_DIRECTIONS_
Repeat the data precisely as given.

_DATA BLOCK_
□ □ □ □ □ □ □

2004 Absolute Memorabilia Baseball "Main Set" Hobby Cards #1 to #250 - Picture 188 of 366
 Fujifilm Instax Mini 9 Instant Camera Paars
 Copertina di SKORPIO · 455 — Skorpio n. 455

□ □ □ □ □ □ □

_ANSWER TO THIS TASK_
2004 Absolute Memorabilia Baseball "Main Set" Hobby Cards #1 to #250 - Picture 188 of 366
 Fujifilm Instax Mini 9 Instant Camera Paars
 Copertina di SKORPIO · 455 — Skorpio n. 455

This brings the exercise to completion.